Warning: The voltages involved with most electrolytic capacitors used in valve based
equipment are lethal. If in doubt seek expert help. The old adage -
The electrolytic capacitor is a critical part of both old and modern electronic equipment and it must be used correctly in order to get the longest and safest operational life and is particularly important with high voltage versions of these components. Electrolytic capacitors rely on a chemical process to provide the insulator between the two metal plates and this process can degrade over a period of years if the capacitor has not had power applied. The result is that the working voltage of any electrolytic capacitors in equipment gradually falls. If full power is applied to long unused equipment then the electrolytic capacitors can pass excessive amounts of current that could cause a catastrophic failure to the entire equipment and a potential fire hazard to surrounding property.
The correct course of action is to ensure that each electrolytic capacitor’s insulation is ‘reformed’ by the application of a current limited voltage to each individual capacitor. Current limiting ensures that the heat generated within the capacitor is kept at a sufficiently low level that damage does not occur. My preferred method is to carefully disconnect each electrolytic capacitor and apply a voltage, equal to the working voltage of the respective capacitor, via a suitable current limiting resistor to that capacitor.

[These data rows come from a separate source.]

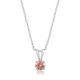 1/5 Ct Pink Diamond Lab Grown Solitaire Pendant 14k White Gold 18" Necklace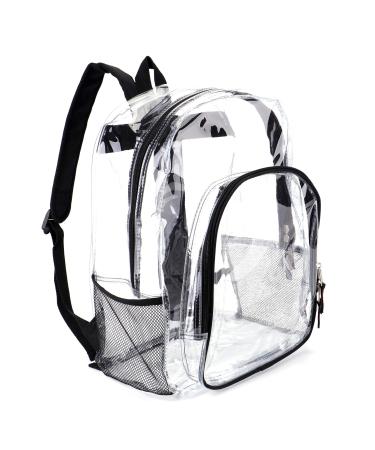 JOMPARO Heavy Duty Transparent Clear Backpack See Through Backpacks for School,Sports,Work,Stadium,Security Travel,College 16.5 inch Black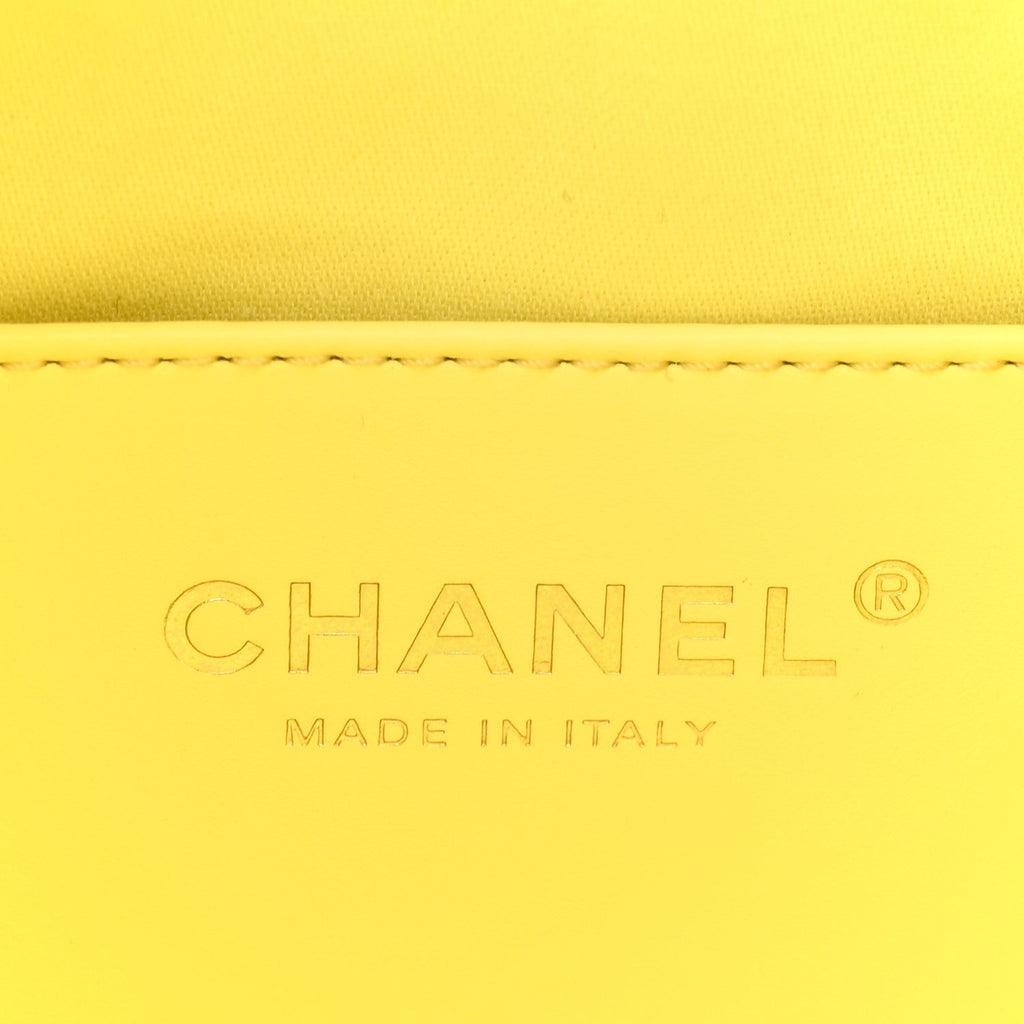 Caviar Quilted Mini Chanel 25 Handbag Yellow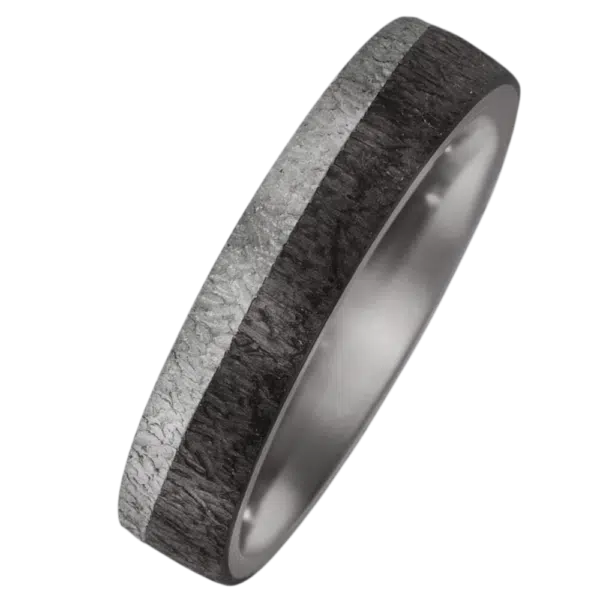 Bague homme mariage tantale et carbone noir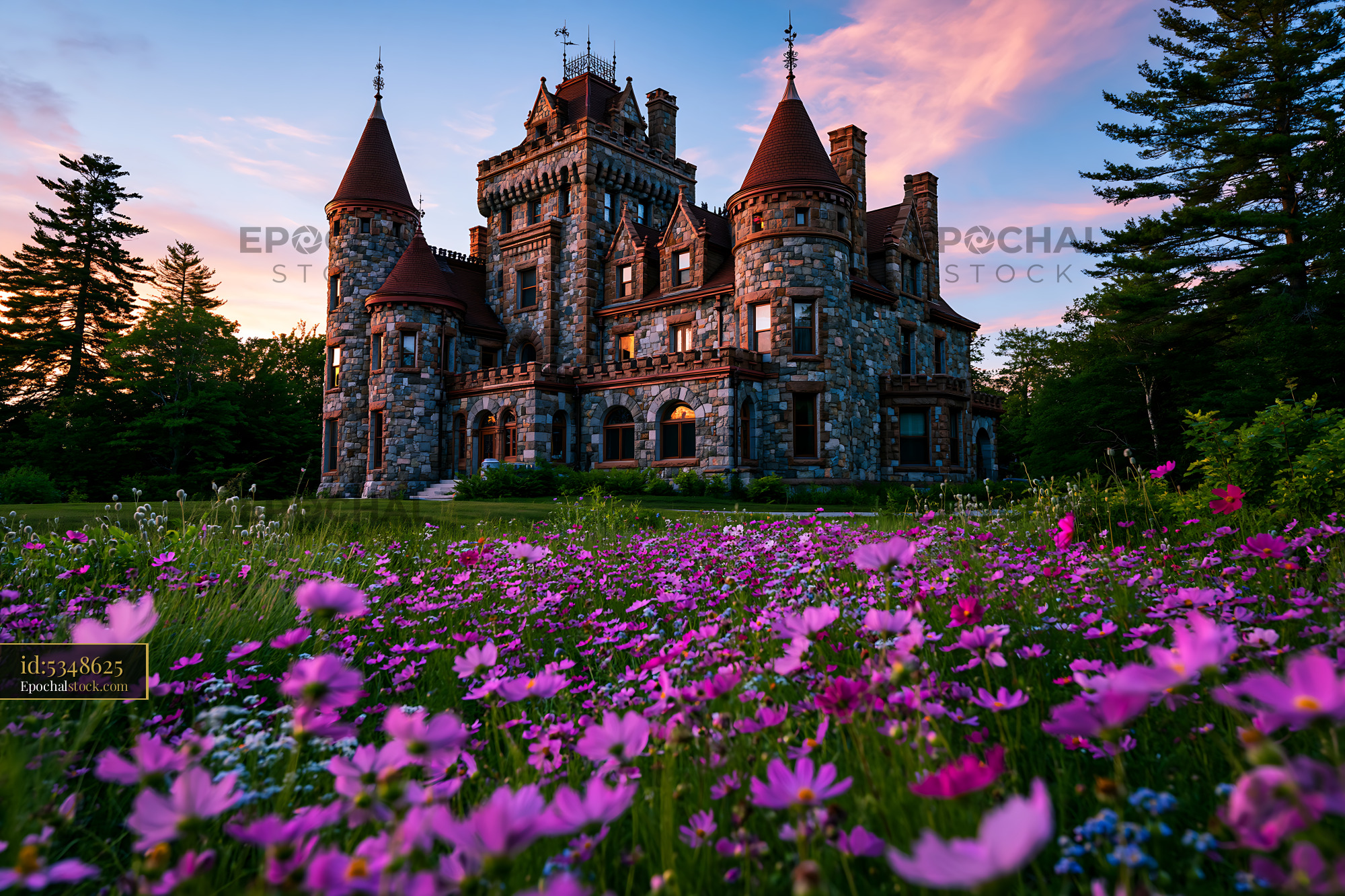 Watermarked full-resolution preview of Historic stone mansion surrounded by flowers at sunset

For example, for a 450V working capacitor, I apply 450V DC, observing the correct
polarity, via a 470K 2W resistor to the capacitor and measure the voltage drop across
the resistor with a volt meter -
The circuit assumes that the negative line of the power supply is connected to ground but this is not mandatory. Should the positive line be grounded instead then move the 470K resistor to the positive side of the capacitor.
Over a period of time, which can be up to 24 or more hours for older components,
the voltage across the resistor will fall and eventually stabilise at some much lower
value. My rule of thumb is that if the voltage drop across the resistor after 24
hours is significantly more than 22V (indicating a leakage current in excess of 50
microamps) than I repeat the reforming process. If no improvement is obtained then
I replace the capacitor with a new one. You may also find that very old capacitors
have dried out and cannot be reformed in which case they must be replaced. A similar
process may be required for new electrolytic capacitors that were manufactured two
or more years ago -
Once the reforming process is complete then the capacitor may be fully discharged with a resistor (not a short circuit), disconnected from the reforming supply and reconnected to its original circuit. As soon as any further inspections or tests on the equipment are completed then it may be powered up.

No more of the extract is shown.